CT Scan Datasets — DICOM Computed Tomography Data

CT scan datasets provide cross-sectional, three-dimensional imaging reconstructed from multiple X-ray projections, offering far greater anatomical detail than plain radiography. Computed tomography is indispensable for training models in oncology, trauma, neuroimaging, and pulmonary disease because it resolves soft tissue, bone, and vasculature in volumetric detail. A CT dataset is typically delivered as DICOM image series, axial slices that reconstruct into isotropic volumes, annotated with slice thickness, reconstruction kernel, contrast phase, kVp, and mAs in the metadata.

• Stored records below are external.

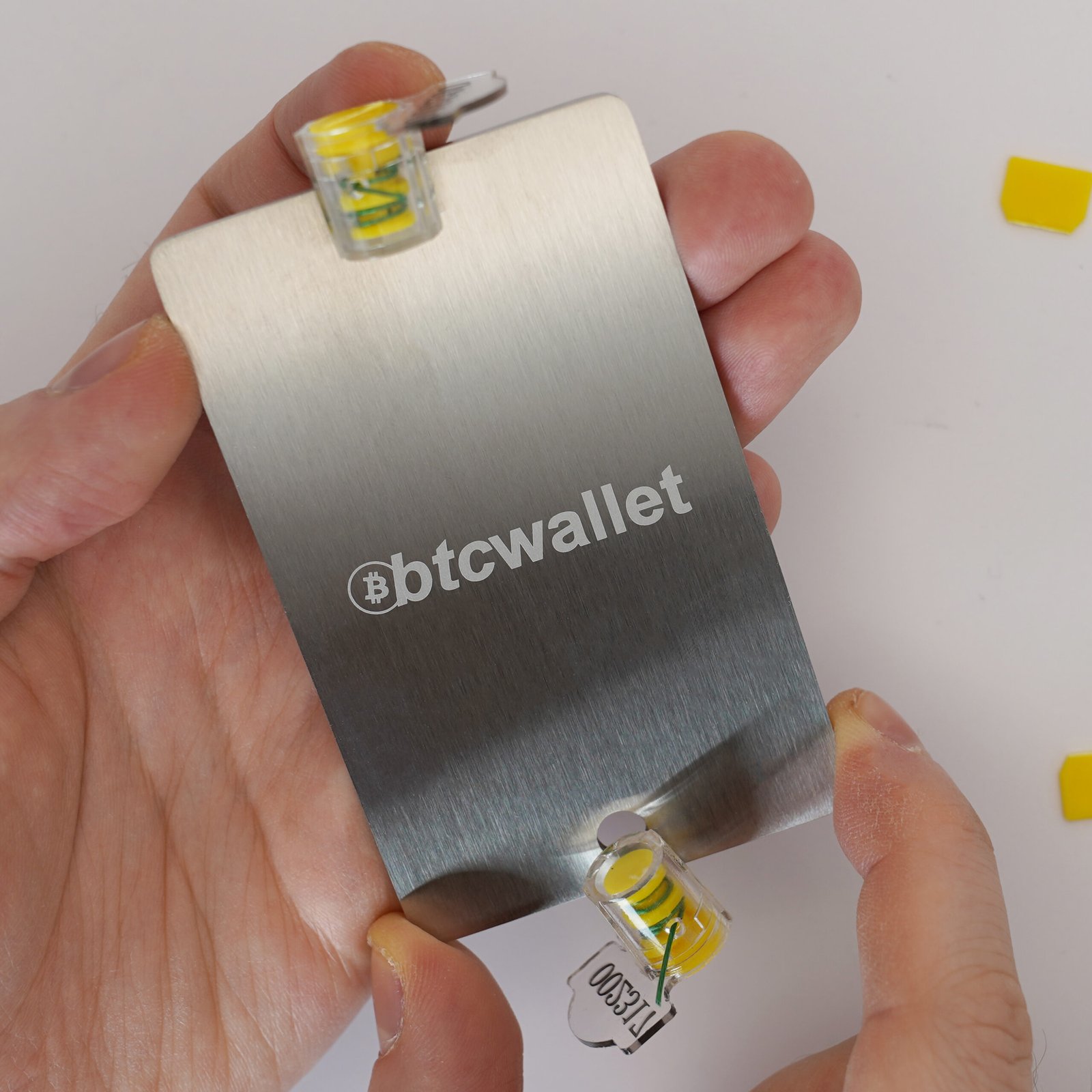 Metalowe płytki Btcwallet White Plate with Seals do przechowywania seed phrase 2 szt. + plomby + rysik grawerski 9 Metalowe płytki Btcwallet White Plate with Seals do przechowywania seed phrase 2 szt. + plomby + rysik grawerski 9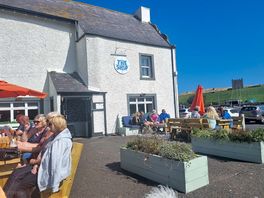 Afternoon drinks in the sun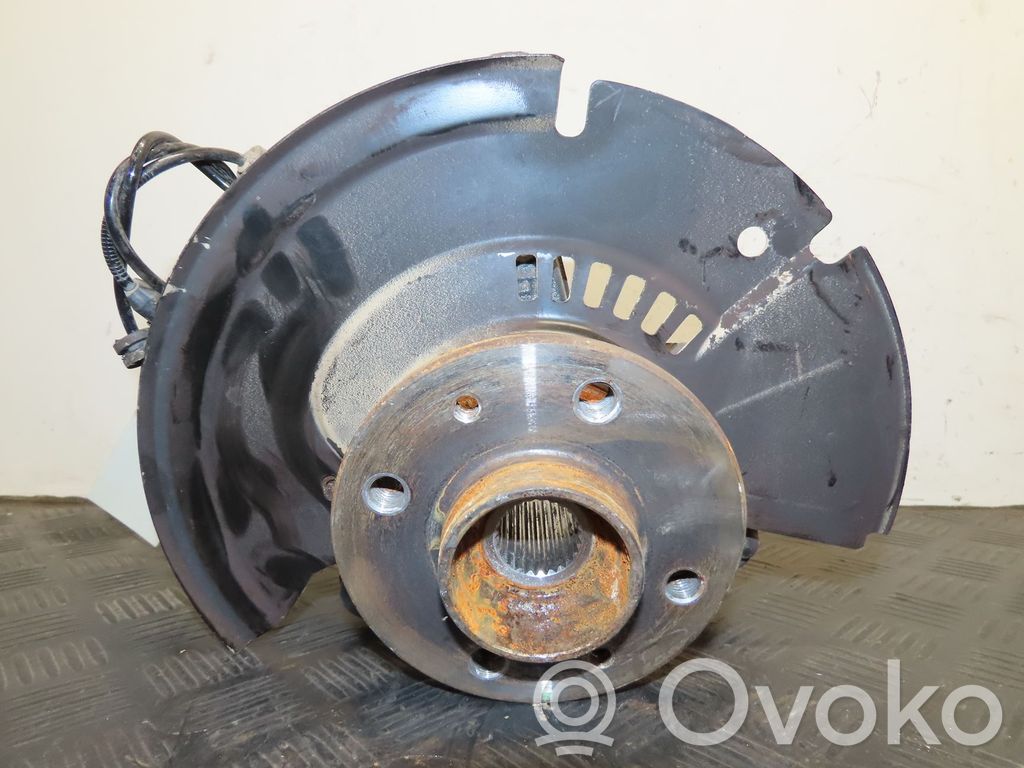 Renault Clio V Achsschenkel vorne 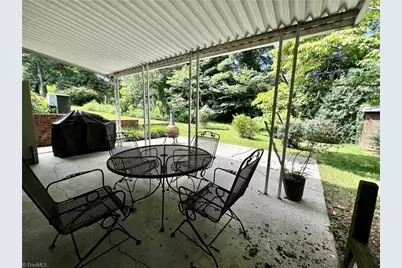 2408 Gracewood Court, Greensboro, NC 27408 - Photo 36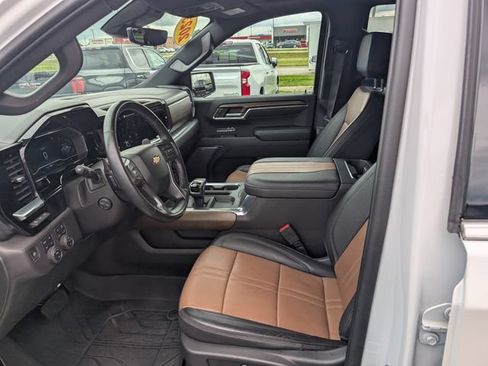 Used 2023 Chevrolet Silverado 1500 High Country w/ High Country Premium Package AWD/4WD image 14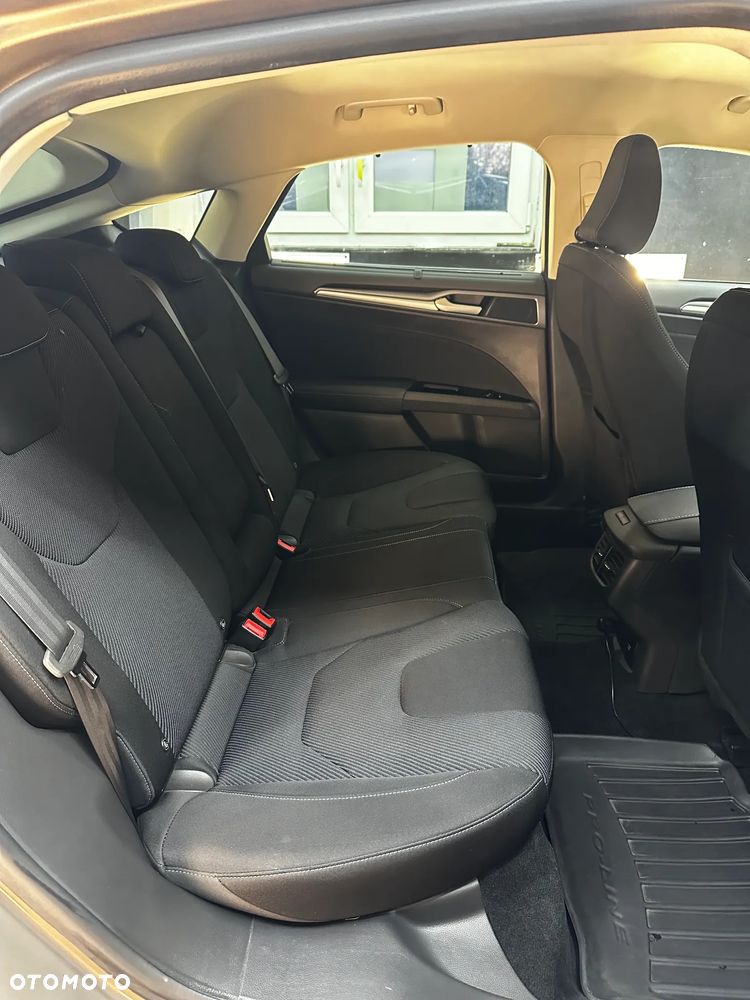 Ford Mondeo 2.0 TDCi Titanium - 9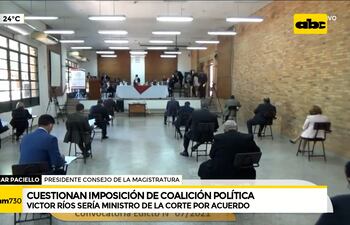 Coalición política impone a senador liberal en terna para Corte Suprema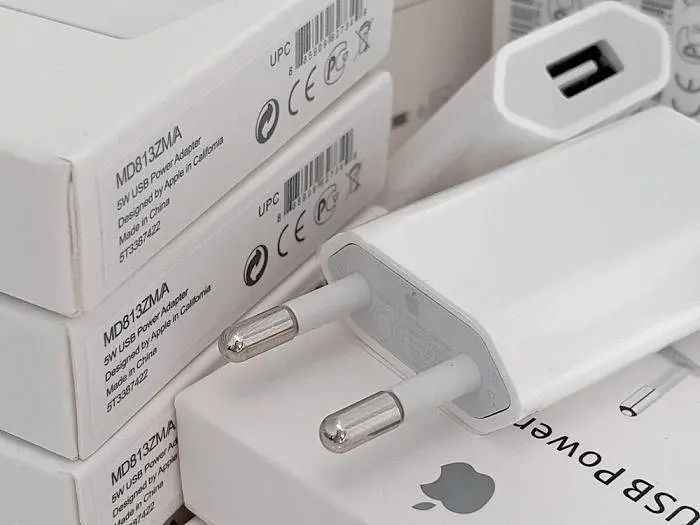 Сетевое зарядное устройство Apple USB Power Adapter (MD813ZM/A) - фото 4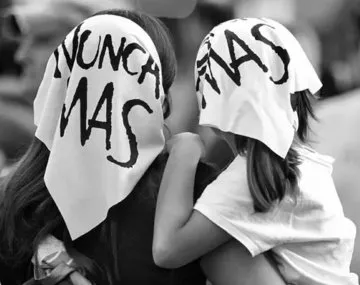 Manifestantes en la Plaza de Mayo con pancartas y banderas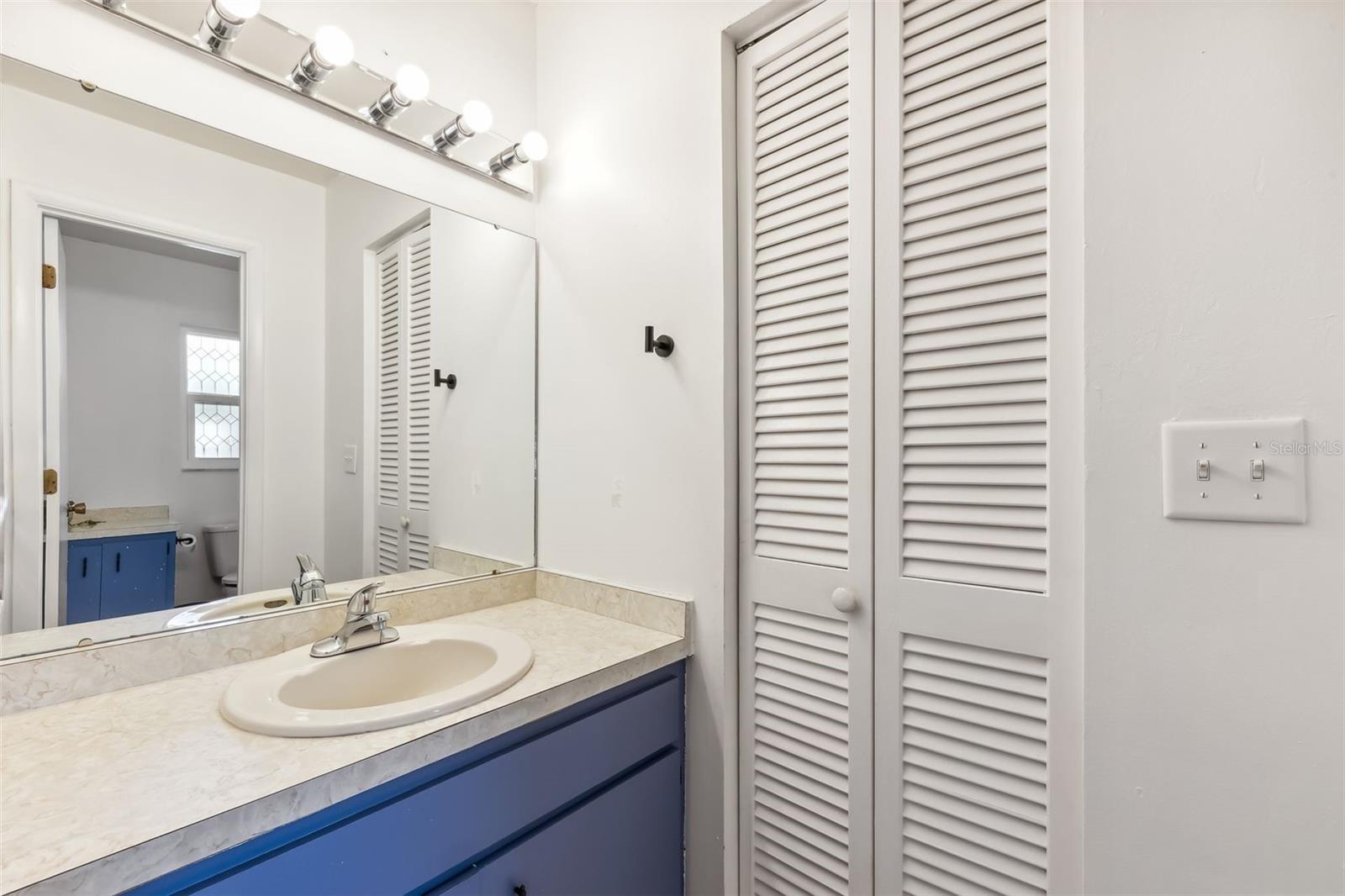 Image 21 of 25 For 6708 11th Avenue Nw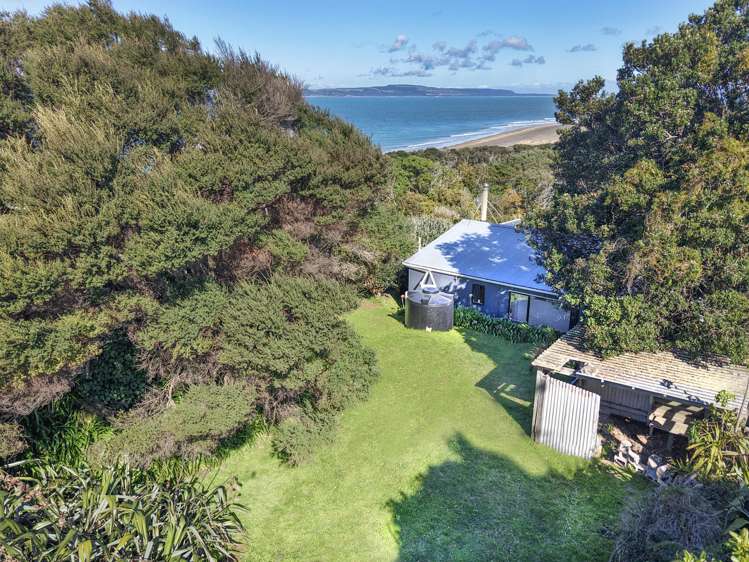 6569 Pouto Road Pouto_20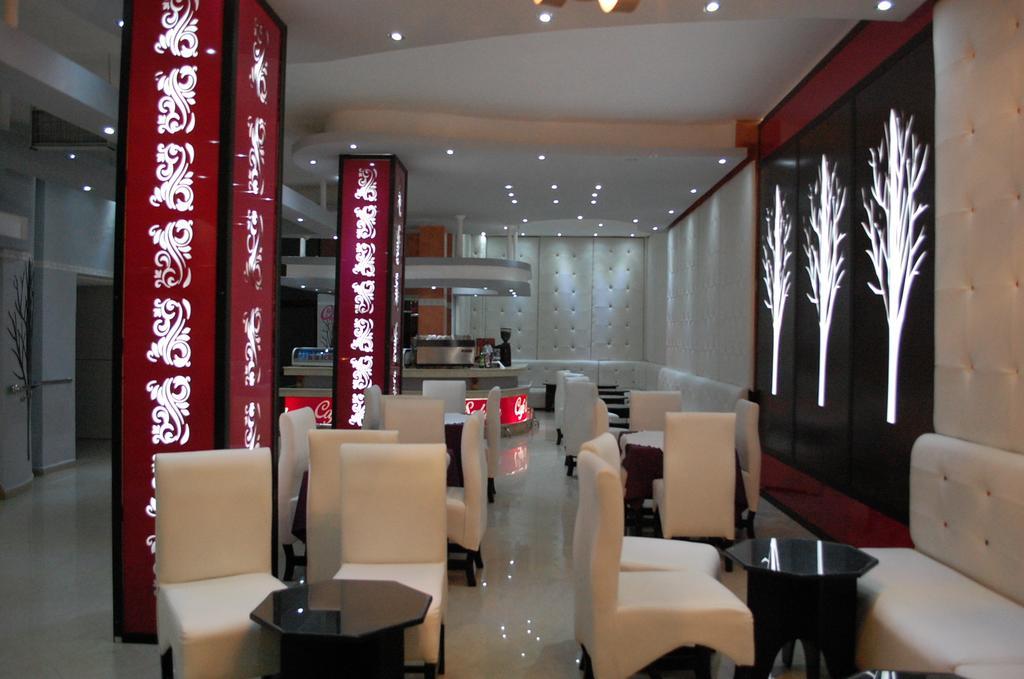 萨尔万酒店 阿尤恩 外观 照片
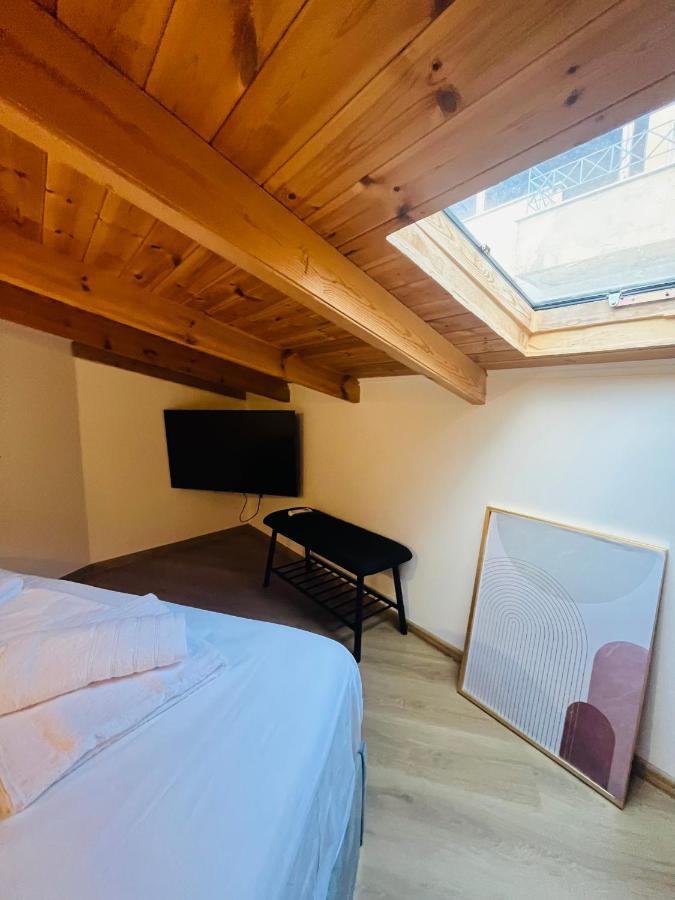 Τwisted Loft Apartment Kavála ภายนอก รูปภาพ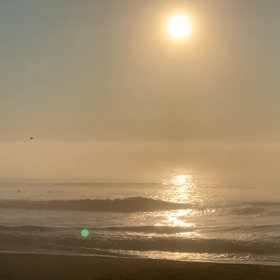 8月4日千葉北、東浪見の朝の波の画像
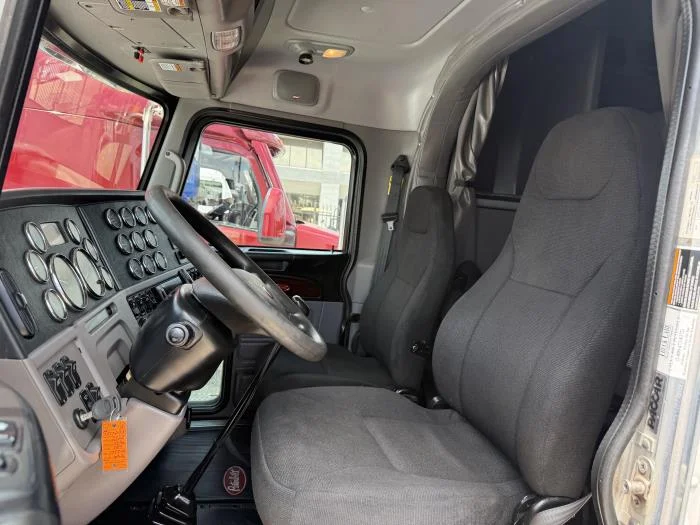 2022 Peterbilt 389 — photo 20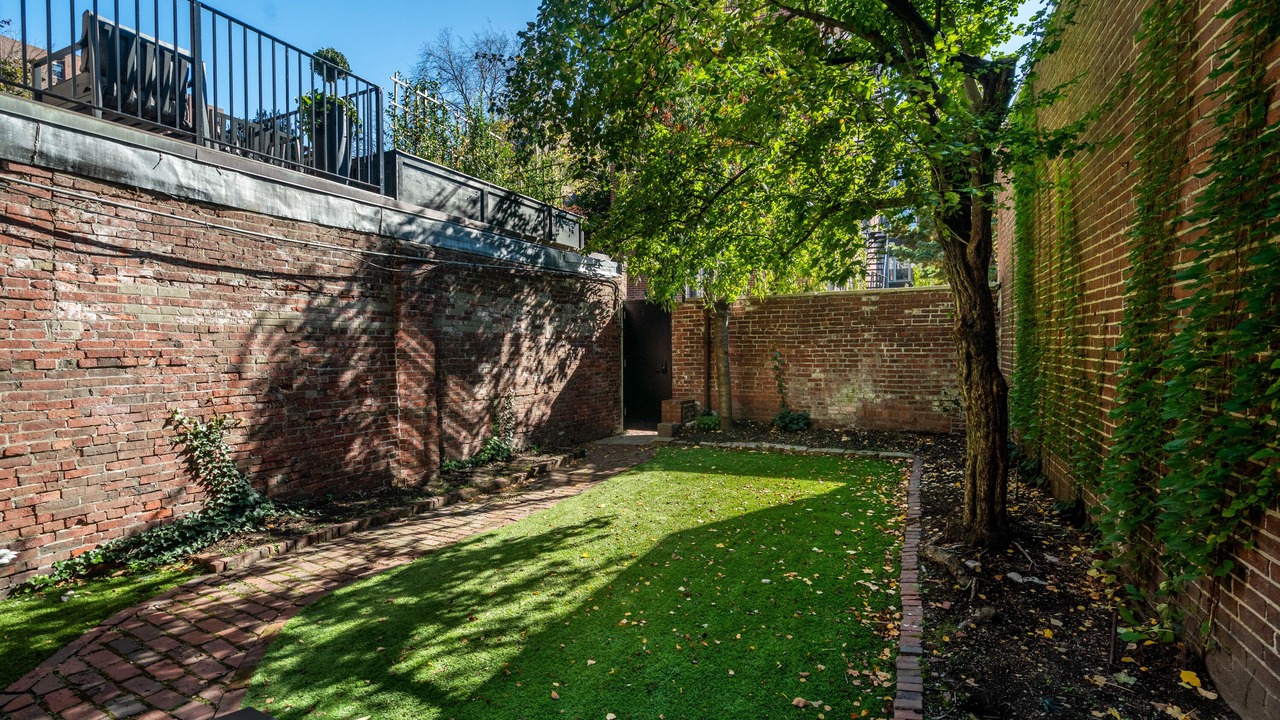 Photo of Outdoor in Beacon Hill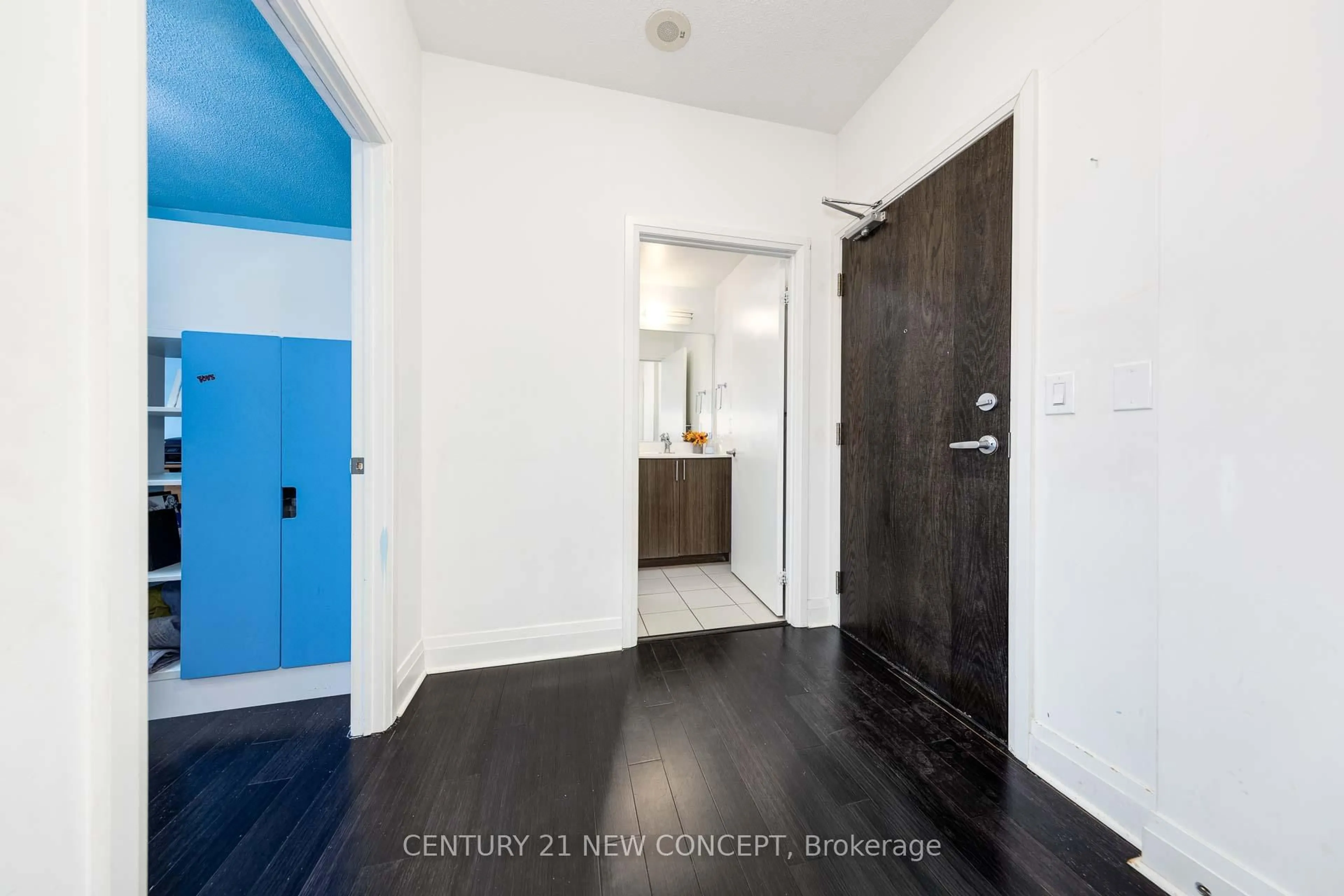 Indoor entryway for 17 Kenaston Gdns #615, Toronto Ontario M2K 0B9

Studies span non-contrast and contrast-enhanced acquisitions, multiphase protocols (arterial, venous, delayed), and specialized techniques such as CT angiography (CTA), low-dose lung-cancer screening, and dual-energy CT. Clinically valuable CT datasets cover a wide range of regions and findings: intracranial hemorrhage and ischemic stroke on head CT; pulmonary nodules, emphysema, and interstitial lung disease on chest CT; liver, kidney, and pancreatic lesions on abdominal CT; pulmonary embolism on CTA; and fractures and internal injuries in trauma protocols. The most useful datasets include voxel-level segmentation masks of organs, lesions, and abnormalities, along with radiologist-confirmed labels, lesion measurements following RECIST, and Hounsfield-unit calibration.

High-quality cohorts document acquisition parameters, balance pathology prevalence, and span multiple scanner vendors and reconstruction settings so models generalize beyond a single site. Rigorous de-identification removes PHI from DICOM headers and defaces or skull-strips head CT volumes where required, while preserving diagnostic fidelity. On GetDATA, clients post CT requests specifying body region, contrast phase, slice thickness, annotation type (volumetric segmentation, bounding box, or study-level label), label taxonomy, and minimum case counts, and verified providers fulfill them with compliant, quality-scored CT data in DICOM.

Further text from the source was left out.